**WHAT TO PRODUCE:** Your answer must be the full listing below, repeated exactly, with no pictures in it.

**EXERCISE DATA:**
::::
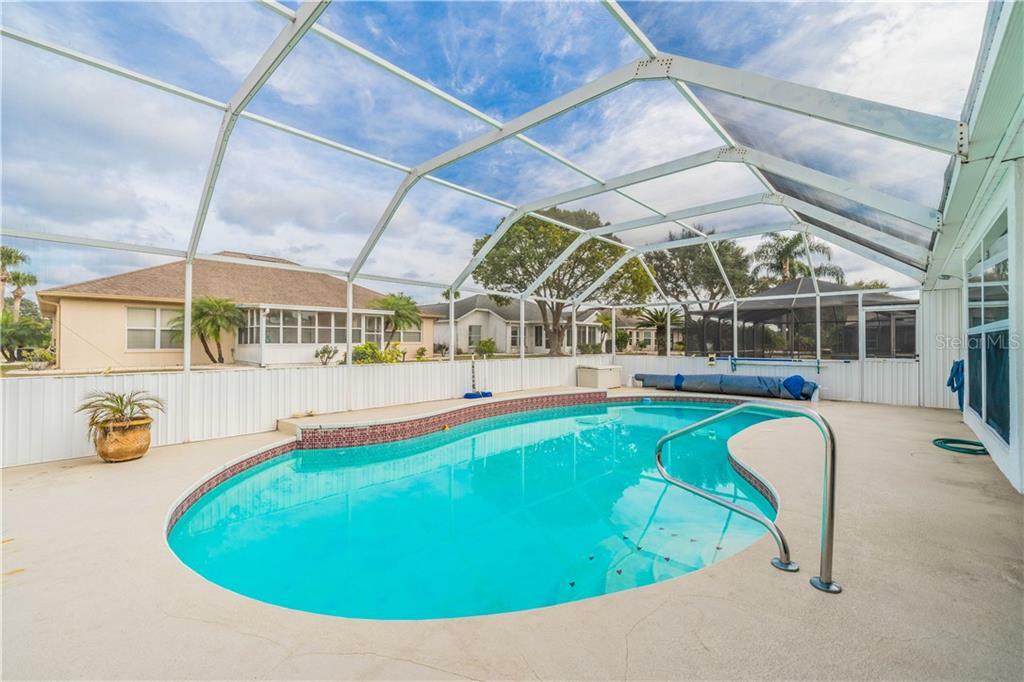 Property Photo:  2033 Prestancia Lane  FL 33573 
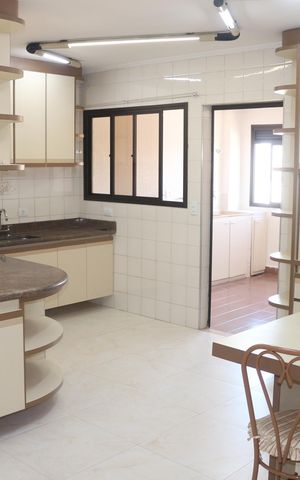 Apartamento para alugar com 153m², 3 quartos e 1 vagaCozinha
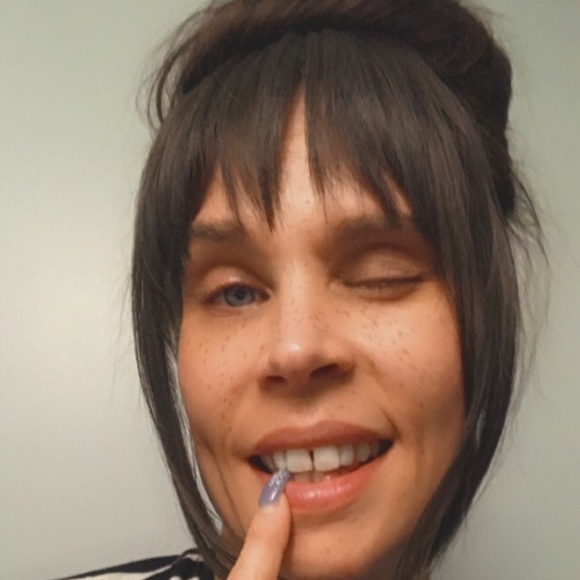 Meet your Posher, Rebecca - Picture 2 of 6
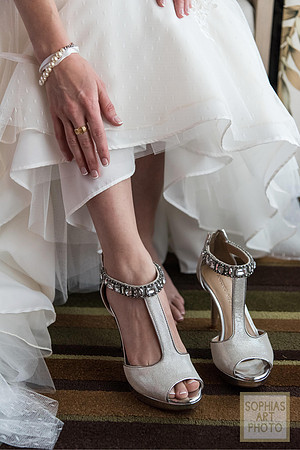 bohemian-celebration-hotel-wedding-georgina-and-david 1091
::::
**RESULT FOR THIS TASK:**
 Property Photo:  2033 Prestancia Lane  FL 33573 
 Apartamento para alugar com 153m², 3 quartos e 1 vagaCozinha
 Meet your Posher, Rebecca - Picture 2 of 6
 bohemian-celebration-hotel-wedding-georgina-and-david 1091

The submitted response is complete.